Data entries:
◇ ◇ ◇
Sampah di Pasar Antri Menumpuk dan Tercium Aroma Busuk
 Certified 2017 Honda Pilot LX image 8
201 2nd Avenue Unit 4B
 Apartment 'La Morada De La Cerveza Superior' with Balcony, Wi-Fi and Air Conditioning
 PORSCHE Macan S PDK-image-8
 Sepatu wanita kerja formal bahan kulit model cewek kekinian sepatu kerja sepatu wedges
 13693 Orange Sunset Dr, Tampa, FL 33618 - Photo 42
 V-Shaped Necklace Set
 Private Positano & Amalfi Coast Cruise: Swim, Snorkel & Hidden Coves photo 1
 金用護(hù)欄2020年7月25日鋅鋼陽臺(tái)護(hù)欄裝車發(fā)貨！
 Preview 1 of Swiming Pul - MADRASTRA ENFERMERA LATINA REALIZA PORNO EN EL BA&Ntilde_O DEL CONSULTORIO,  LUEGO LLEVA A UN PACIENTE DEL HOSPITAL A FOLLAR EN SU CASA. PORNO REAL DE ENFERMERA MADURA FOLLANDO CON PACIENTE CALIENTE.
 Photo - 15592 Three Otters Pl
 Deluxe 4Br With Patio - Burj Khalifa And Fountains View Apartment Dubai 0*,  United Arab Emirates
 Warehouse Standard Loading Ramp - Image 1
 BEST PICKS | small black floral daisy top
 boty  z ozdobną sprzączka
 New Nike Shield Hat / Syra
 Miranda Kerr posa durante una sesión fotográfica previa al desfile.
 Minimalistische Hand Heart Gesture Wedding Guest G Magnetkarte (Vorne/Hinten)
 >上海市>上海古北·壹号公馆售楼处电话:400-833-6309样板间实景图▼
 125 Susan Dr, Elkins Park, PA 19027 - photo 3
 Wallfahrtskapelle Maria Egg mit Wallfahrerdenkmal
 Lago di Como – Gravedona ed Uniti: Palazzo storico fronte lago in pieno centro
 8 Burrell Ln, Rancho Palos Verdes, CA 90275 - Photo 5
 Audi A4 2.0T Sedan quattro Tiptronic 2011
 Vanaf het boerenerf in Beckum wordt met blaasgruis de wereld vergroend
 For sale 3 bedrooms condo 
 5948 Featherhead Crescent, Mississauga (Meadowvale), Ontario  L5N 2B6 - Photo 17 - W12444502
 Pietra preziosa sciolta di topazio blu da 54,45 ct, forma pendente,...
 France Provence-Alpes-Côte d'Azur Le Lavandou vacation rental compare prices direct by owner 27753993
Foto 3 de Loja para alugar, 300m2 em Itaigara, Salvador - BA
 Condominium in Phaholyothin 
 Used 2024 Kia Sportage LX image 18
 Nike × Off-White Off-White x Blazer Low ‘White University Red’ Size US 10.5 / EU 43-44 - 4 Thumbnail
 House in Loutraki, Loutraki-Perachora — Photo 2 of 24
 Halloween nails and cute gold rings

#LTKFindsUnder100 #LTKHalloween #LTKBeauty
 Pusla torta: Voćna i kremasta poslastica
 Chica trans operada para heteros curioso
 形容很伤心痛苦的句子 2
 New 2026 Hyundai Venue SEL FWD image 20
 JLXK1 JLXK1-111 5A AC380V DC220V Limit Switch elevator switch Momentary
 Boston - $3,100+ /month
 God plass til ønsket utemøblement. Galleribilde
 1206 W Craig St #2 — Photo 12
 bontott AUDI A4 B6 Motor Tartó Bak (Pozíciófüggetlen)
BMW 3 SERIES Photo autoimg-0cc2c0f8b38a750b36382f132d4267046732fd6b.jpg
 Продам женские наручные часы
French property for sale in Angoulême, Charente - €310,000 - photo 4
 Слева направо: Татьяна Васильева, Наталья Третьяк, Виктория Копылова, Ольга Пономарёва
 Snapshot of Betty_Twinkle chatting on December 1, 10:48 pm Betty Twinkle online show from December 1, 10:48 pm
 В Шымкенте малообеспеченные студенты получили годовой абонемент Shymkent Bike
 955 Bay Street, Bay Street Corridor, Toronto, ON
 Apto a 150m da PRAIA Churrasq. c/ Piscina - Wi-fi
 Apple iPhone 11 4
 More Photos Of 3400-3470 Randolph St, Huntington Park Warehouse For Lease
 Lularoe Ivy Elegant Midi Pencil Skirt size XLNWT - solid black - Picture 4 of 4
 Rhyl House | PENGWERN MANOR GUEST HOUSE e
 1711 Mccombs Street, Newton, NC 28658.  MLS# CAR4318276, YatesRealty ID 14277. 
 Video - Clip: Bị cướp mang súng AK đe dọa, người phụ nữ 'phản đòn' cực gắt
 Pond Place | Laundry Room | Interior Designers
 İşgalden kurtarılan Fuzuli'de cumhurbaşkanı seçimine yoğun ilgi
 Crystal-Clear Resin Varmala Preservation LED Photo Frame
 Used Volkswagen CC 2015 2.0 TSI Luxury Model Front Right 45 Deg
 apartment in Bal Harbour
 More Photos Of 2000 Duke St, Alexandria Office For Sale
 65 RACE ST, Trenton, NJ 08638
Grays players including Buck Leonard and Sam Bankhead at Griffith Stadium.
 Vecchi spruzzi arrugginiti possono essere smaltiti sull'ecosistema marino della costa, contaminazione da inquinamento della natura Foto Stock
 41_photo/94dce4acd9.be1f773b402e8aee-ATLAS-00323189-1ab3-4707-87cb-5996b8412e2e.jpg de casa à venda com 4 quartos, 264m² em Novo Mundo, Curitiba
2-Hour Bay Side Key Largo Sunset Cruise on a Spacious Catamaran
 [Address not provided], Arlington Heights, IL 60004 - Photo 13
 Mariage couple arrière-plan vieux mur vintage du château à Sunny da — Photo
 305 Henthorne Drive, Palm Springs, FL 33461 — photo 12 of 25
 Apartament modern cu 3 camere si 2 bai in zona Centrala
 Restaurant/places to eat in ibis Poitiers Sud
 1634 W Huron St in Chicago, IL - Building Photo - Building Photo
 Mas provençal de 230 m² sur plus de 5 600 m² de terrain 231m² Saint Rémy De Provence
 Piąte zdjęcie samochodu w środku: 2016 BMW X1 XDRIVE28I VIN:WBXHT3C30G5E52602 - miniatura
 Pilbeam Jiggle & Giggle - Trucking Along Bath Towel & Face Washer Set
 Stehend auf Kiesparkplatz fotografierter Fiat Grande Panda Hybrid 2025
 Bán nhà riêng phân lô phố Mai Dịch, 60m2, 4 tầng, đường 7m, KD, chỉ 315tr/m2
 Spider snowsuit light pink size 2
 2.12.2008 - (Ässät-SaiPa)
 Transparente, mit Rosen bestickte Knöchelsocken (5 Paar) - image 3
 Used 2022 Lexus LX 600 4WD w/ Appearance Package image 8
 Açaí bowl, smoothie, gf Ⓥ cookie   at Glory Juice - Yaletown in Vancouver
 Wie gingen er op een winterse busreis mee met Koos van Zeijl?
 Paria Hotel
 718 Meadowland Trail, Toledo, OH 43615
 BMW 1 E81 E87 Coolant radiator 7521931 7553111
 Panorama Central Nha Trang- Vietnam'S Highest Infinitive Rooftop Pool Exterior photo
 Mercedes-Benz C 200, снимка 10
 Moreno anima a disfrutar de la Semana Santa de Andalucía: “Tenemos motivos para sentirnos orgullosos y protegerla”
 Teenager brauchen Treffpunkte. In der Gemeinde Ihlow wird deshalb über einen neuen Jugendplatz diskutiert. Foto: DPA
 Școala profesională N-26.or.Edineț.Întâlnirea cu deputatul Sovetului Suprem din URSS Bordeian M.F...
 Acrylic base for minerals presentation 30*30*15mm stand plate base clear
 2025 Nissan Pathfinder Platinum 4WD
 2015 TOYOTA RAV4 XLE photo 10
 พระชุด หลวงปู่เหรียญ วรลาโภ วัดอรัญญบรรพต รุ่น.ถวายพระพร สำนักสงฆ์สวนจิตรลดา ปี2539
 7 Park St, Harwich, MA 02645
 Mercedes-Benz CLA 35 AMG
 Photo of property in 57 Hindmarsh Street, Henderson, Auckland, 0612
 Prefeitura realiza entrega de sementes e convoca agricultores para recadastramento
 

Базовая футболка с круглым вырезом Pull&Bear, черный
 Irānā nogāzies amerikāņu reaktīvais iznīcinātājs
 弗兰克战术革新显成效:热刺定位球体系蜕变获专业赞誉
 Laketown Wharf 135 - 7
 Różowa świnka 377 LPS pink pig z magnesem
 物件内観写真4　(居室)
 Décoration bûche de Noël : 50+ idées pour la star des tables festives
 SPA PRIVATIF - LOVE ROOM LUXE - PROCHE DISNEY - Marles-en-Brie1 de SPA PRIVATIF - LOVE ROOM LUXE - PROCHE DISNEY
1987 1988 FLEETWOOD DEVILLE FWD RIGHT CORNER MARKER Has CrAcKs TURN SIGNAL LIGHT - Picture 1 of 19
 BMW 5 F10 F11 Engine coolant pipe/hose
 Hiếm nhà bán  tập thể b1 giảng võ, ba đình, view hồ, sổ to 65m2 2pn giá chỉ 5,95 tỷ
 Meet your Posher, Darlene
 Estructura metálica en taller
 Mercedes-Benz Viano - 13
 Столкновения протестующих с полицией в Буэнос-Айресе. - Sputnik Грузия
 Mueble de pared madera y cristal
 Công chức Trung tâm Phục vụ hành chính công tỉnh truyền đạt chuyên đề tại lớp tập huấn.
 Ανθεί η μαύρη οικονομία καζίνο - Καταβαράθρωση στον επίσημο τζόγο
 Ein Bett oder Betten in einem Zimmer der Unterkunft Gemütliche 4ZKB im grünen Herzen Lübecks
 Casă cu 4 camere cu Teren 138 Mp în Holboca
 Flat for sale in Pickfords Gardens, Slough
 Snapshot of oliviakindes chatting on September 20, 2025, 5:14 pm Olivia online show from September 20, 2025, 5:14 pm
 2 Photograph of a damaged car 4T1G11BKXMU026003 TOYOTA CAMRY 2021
◇ ◇ ◇
(WORK INSTRUCTION):
Show all lines above containing "Used".

(TASK RESULT):
 Used 2024 Kia Sportage LX image 18
 Used Volkswagen CC 2015 2.0 TSI Luxury Model Front Right 45 Deg
 Used 2022 Lexus LX 600 4WD w/ Appearance Package image 8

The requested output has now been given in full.